A única coisa errada é esses dois demorarem tanto para formarem um casal. Senhorita Kim perfeita, parece uma boneca. E vice-presidente Lee perfeito também (mas não conta pra ele, porque seu ego já é grande demais 🤫).
Amei os primeiros episódios, achei hilário o ego inflado do Young Joon. Ele é mais exagerado no início, mas dá uma bela reduzida no decorrer da série. O casal é muito bom, tanto na relação de trabalho quanto como namorados. Gostei também que eles foram o primeiro casal que vi beijando com mais empolgação do que geralmente vemos em doramas. Entretanto, todavia, não consegui me divertir tanto quanto eu esperava. Achei a trama — com exceção da com relação ao casal — extremamente mal roteirizada, e nunca me importei com os coadjuvantes. Nenhum deles. Principalmente o chato do terno e sua obsessão em manter seu segredo estúpido que foi usado como justificativa para uni-lo com seu par. Que traminha mais bleh.
Além do desenvolvimento do casal, existe um mistério que não é bem mistério. Ele me deixou bem curiosa, pois não fazia sentido, e fez menos sentido ainda quando foi concluído.
Sempre foi óbvio qual irmão foi sequestrado. O mistério envolvia saber a razão do escritor vir com a história de ter sido abandonado e sequestrado, e ninguém contestá-lo. Gente... Que família merda é essa? O Young Joon é sequestrado por uma doida aleatória, fica refém por 4 dias, volta cheio de traumas e cicatrizes, mas é o Sung Yeon que vira o coitado? E a família deixa?! Não me pareceu por remorso, mas inveja da atenção. Eu sabia que era ilógico o CEO Lee ter abandonado o irmão, já que ele havia dito que o irmão era o pior quando se tratava do bullying que ele sofria. O Lee pode ser um tanto egocêntrico (um narcisista de verdade não teria se preocupado em cuidar da família e não se importaria com ninguém além de si mesmo), mas ele nunca faz mal por querer. Claramente, ele não tem noção de quando está sendo maldoso. A família achou mais justo deixar o filho que de fato sofreu carregar o peso da culpa e deixar o mimado se tornar a vítima. Isso é ridículo.

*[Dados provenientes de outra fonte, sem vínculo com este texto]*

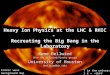 Heavy Ion Physics at the LHC & RHIC - Recreating the Big Bang in the Laboratory Rene Bellwied (for the Bellwied/Pinsky group) University of Houston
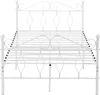A white metal bed frame with a slatted base, shown from the front. Podgląd zdjęcia produktu
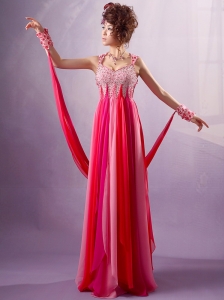 2013 Red Straps Applqiues Decorate Bust Prom Dress With Chiffon For Party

A trama do escritor Morpheu é esquecida no momento que ele surge na história. Os traumas do CEO são todos curados com um beijo. O amigo do Lee só fica choramingando pela ex e fazendo caras e bocas. Nada tem uma uma boa resolução, o que me deixou com um tanto de má vontade para continuar vendo. Não foi ruim. Me diverti com os protagonistas, e os episódios passam rápido. Porém, sempre ficava um sentimento de que podia ser bem melhor. E podia mesmo.